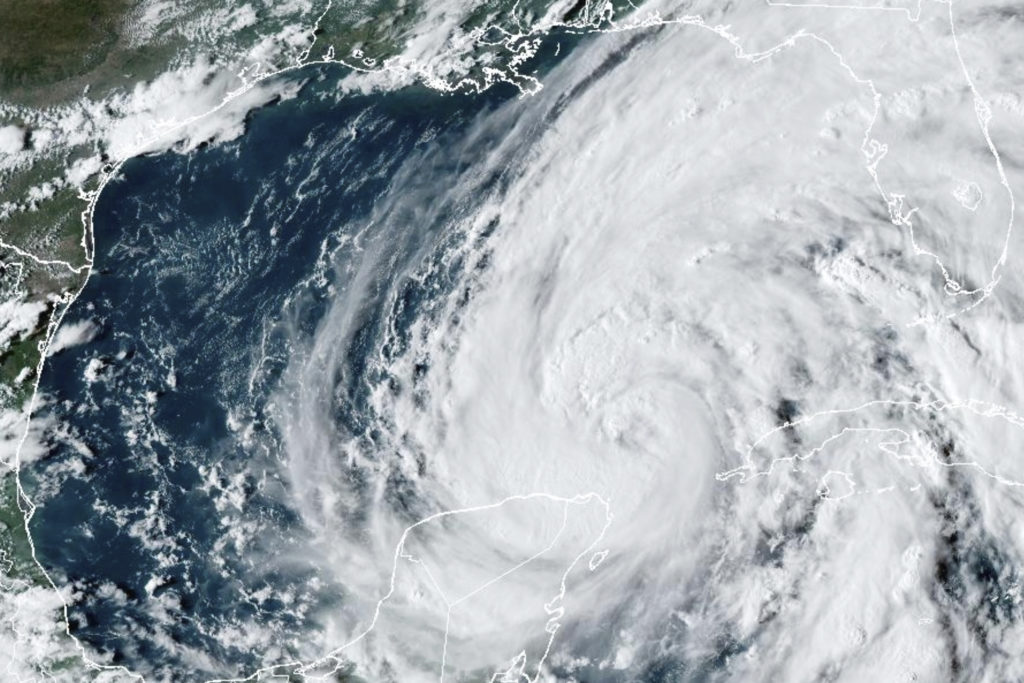 Helene races toward Florida as a major Category 3 storm | 104.1 KSGF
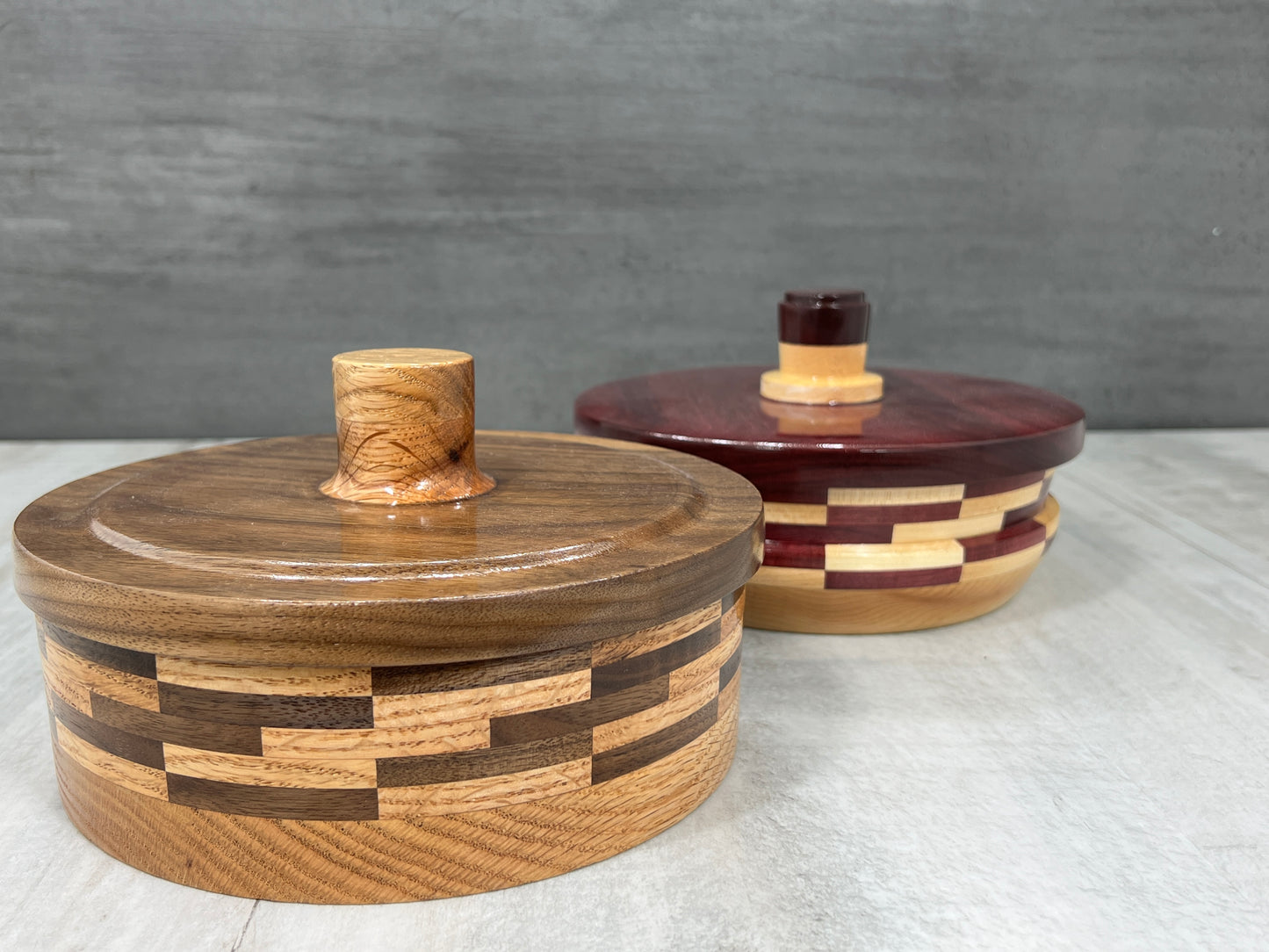Cuencos de madera hechos en casa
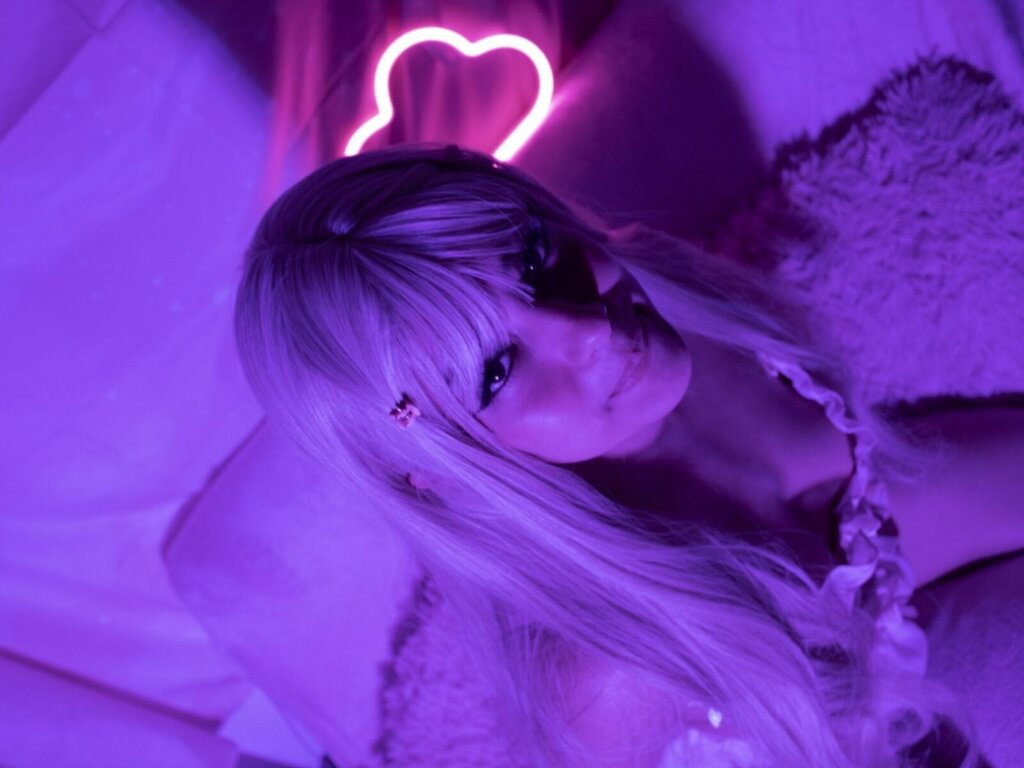 Enter NatyRivera VIP Show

########################################

#### Problem requirements
An exact reproduction of the data is needed, with no pictures included.

#### Written answer
 Helene races toward Florida as a major Category 3 storm | 104.1 KSGF
Cuencos de madera hechos en casa
 Enter NatyRivera VIP Show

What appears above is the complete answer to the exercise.